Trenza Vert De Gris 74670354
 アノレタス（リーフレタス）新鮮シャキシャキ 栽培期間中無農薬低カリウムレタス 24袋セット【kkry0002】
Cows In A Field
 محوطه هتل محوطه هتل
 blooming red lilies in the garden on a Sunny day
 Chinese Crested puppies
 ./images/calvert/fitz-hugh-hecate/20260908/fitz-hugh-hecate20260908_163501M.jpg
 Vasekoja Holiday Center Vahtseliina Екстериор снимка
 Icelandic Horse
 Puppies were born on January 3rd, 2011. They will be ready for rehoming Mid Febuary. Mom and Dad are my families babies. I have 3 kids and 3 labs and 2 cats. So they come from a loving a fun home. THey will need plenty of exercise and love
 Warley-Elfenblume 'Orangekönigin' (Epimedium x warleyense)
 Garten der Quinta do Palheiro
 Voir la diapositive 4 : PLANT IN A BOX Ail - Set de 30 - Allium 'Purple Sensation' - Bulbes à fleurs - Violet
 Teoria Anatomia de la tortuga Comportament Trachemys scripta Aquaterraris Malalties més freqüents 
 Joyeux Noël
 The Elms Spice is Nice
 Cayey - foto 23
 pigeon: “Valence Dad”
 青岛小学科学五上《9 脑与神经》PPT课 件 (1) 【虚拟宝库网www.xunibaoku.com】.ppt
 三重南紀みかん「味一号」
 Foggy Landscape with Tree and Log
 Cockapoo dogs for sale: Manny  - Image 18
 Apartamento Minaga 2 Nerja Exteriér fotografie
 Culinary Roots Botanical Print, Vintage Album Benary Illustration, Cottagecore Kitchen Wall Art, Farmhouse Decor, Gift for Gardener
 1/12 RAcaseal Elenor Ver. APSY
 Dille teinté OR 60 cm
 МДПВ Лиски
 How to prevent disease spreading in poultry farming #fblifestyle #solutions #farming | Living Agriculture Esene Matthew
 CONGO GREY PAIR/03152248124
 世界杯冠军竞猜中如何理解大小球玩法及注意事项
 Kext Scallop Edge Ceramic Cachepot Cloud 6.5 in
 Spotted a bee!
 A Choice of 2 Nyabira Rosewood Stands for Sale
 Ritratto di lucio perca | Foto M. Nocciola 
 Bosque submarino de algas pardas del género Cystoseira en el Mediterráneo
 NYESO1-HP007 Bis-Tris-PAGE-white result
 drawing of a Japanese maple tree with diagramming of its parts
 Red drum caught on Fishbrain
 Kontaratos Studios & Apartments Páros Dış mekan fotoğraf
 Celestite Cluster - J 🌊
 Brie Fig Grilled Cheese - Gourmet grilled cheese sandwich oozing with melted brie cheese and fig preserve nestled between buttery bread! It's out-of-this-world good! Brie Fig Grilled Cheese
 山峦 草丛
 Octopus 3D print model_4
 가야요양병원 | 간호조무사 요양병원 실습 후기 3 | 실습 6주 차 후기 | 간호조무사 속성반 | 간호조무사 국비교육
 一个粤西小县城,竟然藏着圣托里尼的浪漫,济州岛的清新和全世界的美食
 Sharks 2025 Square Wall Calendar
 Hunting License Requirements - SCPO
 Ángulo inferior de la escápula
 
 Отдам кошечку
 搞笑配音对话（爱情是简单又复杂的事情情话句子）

* [REQUIRED WORK]:
Your output should be an exact copy of the lines from the top of the listing above to the line with "Vasekoja Holiday Center", both ends included.

* [WRITTEN RESPONSE]:
Trenza Vert De Gris 74670354
 アノレタス（リーフレタス）新鮮シャキシャキ 栽培期間中無農薬低カリウムレタス 24袋セット【kkry0002】
Cows In A Field
 محوطه هتل محوطه هتل
 blooming red lilies in the garden on a Sunny day
 Chinese Crested puppies
 ./images/calvert/fitz-hugh-hecate/20260908/fitz-hugh-hecate20260908_163501M.jpg
 Vasekoja Holiday Center Vahtseliina Екстериор снимка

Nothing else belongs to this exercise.